Reverse
Engineering
Sega manufactures the venerable Genesis Video Game System, as well as many of
the video games played on the system. Accolade is a developer and distributor
of video games, and they wanted to develop games for the Genesis system.
However, Genesis is not an open system, and in order for a game to work on the
system, the game has to know the proprietary interface component of Sega's
Genesis system, particularly the password that needs to be incorporated on any
video game cartridge played on the Genesis system.
The
only way that Accolade could determine the password was by de-compiling the
object code of one of Sega video games to produce a translation of the source
code. As a necessary step in this reverse engineering procedure, Accolade had
to copy the Sega object code. Sega sued Accolade for copyright infringement
based on the copying of the object code.
Accolade argued that its copying was a fair use as allowed by the Copyright Act.

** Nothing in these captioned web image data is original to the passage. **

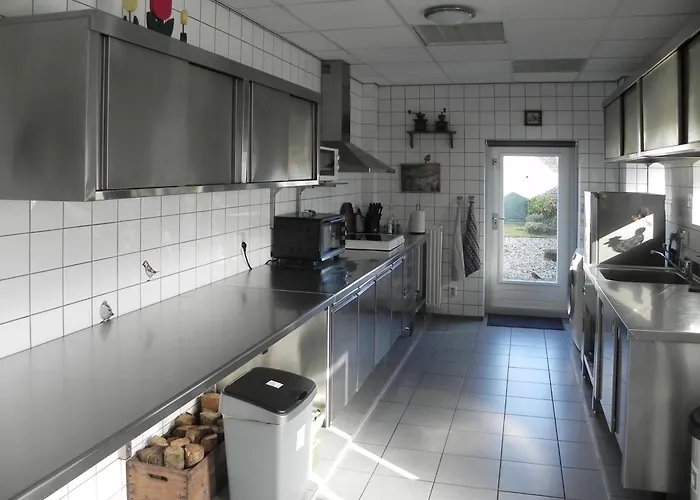 Gasthuis Op Unieke Locatie De Kronkel Op De Veluwe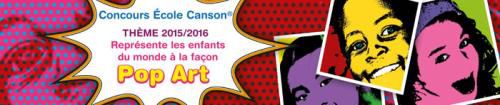 Résultats concours Canson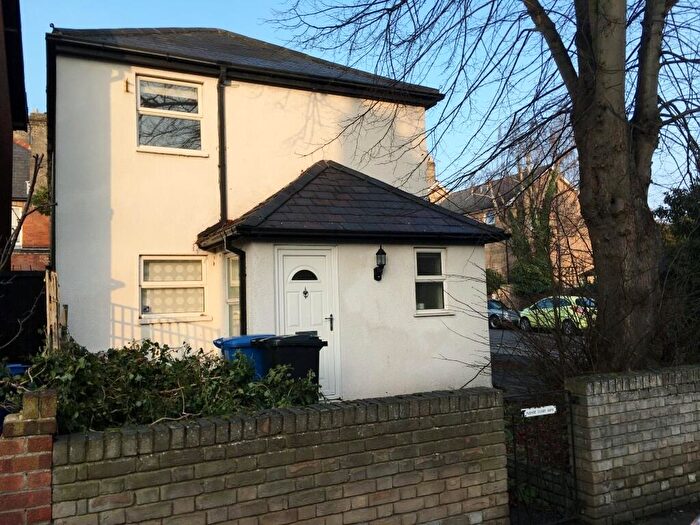 2 Bedroom End Of Terrace House To Rent In Oban Street, Ipswich, IP1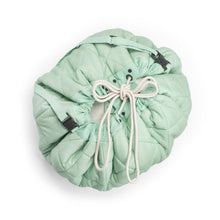 Sacco Portagiochi e Tappeto 2 in 1 - Cotone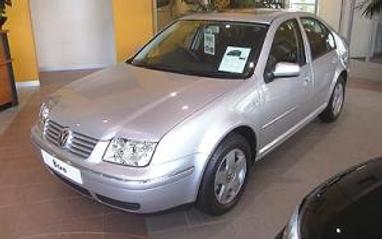 Volkswagen Bora 2003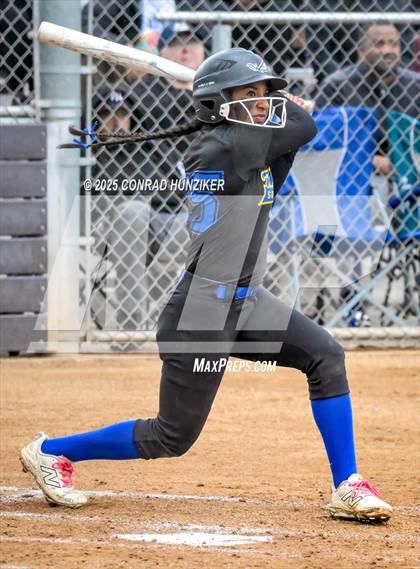 Thumbnail 2 in St. Bonaventure @ Muir (CIF SS Division 6 Round 2) photogallery.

Section 107 allows copies of a copyrighted work to be made for purposes such as
criticism, comment, or research.
Fair Use Test
To decide whether a use is fair, the Copyright Act requires a court to consider
four factors:
1. The purpose and character of the use
2. The nature of the copyrighted work
3. The amount and substantiality of the portion copied
4. The effect of the use on the market.
Because Accolade needed to copy and disassemble Sega's copyrighted video game to
obtain the necessary interface requirements, the court held that where reverse
engineering copies a work as the only way to access the ideas and the
functional elements of the work, such copying is a fair use if a legitimate
reason for the use exists. The court thus held that a copyright in a work
cannot protect un-copyrightable ideas and functional elements with that work.